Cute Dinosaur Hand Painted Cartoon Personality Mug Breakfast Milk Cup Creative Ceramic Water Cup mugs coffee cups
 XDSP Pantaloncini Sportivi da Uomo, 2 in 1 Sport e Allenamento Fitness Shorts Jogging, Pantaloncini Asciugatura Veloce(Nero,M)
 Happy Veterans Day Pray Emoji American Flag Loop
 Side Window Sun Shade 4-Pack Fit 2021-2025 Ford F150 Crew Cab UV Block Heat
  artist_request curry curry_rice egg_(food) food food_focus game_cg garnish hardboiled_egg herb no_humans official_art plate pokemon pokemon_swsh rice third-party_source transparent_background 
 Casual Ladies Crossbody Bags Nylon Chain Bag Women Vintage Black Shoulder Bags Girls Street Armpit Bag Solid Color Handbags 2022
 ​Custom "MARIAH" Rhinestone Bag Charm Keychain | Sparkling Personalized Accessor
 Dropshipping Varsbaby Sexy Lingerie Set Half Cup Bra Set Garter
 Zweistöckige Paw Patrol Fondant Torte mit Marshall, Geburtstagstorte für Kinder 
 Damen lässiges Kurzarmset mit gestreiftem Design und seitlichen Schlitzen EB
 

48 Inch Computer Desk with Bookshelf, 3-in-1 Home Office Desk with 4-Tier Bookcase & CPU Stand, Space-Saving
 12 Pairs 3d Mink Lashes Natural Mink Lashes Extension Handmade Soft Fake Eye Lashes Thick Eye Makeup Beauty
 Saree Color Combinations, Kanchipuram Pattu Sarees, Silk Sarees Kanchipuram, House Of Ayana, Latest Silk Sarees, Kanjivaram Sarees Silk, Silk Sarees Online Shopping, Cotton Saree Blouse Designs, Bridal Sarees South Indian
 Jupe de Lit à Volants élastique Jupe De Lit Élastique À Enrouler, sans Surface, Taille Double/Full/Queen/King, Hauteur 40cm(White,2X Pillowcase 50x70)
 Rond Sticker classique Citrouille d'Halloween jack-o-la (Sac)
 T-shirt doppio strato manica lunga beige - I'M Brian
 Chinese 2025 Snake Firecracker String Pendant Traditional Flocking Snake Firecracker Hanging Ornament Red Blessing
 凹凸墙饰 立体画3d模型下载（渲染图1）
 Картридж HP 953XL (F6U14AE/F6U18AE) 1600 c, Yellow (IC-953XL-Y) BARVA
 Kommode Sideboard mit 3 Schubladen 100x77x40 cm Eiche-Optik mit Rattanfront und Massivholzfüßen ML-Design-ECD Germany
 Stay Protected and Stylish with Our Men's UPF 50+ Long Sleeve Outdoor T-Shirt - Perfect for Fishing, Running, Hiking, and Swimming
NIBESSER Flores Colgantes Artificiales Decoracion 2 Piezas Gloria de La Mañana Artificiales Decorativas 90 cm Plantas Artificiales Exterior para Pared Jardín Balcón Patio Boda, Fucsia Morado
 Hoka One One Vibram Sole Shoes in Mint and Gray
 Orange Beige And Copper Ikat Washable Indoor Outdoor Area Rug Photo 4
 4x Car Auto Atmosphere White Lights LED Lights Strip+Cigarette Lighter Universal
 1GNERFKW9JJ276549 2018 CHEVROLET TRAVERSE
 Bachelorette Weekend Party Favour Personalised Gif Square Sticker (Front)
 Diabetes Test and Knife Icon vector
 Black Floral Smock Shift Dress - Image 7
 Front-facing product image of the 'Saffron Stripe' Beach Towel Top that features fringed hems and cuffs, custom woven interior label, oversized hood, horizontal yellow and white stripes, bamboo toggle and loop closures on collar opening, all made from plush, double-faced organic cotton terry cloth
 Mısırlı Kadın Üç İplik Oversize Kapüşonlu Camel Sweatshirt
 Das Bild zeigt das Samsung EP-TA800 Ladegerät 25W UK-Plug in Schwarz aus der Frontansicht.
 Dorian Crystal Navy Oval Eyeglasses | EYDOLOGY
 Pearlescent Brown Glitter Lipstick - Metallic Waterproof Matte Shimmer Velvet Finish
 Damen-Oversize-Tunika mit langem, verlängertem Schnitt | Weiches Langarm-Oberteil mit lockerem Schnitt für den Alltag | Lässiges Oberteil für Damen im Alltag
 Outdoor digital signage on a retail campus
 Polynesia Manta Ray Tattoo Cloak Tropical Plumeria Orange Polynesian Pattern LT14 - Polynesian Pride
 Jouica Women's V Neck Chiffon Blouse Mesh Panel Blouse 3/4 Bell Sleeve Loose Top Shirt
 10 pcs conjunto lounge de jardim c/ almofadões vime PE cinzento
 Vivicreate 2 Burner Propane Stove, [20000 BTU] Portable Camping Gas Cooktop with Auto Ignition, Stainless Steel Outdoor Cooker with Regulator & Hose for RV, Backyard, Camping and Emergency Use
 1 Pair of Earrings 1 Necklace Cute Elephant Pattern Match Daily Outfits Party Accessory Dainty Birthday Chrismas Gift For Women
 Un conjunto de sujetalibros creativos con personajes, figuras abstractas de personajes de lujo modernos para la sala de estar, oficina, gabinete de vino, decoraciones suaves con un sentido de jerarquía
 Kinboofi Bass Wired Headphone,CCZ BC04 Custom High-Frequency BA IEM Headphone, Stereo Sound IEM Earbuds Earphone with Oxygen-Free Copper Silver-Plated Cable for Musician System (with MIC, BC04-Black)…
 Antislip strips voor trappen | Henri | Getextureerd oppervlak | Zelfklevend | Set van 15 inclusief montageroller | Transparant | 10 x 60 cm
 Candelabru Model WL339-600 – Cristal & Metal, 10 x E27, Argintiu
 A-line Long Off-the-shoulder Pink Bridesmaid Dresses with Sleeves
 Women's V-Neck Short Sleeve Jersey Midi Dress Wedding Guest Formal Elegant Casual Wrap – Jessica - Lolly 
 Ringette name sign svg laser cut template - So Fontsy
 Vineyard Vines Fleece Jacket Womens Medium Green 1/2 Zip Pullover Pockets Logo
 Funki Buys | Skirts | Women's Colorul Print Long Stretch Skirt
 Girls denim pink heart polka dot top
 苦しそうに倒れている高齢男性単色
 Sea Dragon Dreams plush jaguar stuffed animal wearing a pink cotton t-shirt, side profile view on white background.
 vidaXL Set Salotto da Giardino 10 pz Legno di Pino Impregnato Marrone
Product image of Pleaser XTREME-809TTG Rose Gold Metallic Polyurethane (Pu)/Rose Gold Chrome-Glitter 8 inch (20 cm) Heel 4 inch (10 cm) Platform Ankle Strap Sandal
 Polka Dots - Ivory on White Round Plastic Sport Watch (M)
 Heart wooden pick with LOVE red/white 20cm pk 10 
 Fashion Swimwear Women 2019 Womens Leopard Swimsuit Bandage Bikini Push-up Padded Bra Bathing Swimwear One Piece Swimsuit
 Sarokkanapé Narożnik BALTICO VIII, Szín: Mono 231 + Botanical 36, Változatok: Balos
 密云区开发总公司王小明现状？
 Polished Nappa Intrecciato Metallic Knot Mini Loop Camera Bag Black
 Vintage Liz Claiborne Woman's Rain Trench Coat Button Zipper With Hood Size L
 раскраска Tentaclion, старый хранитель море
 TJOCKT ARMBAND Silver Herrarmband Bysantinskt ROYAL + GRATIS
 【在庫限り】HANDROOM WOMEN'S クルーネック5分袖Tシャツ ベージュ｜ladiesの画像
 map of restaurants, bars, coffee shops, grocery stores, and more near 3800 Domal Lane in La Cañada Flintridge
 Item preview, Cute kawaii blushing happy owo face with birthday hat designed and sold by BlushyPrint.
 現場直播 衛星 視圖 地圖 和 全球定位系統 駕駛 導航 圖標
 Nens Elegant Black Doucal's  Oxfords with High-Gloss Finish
....
### [WORK TO COMPLETE]
Your answer should consist only of the number of lines in the entries above that include "Elegant".

### [SOLUTION FOR THIS EXERCISE]
2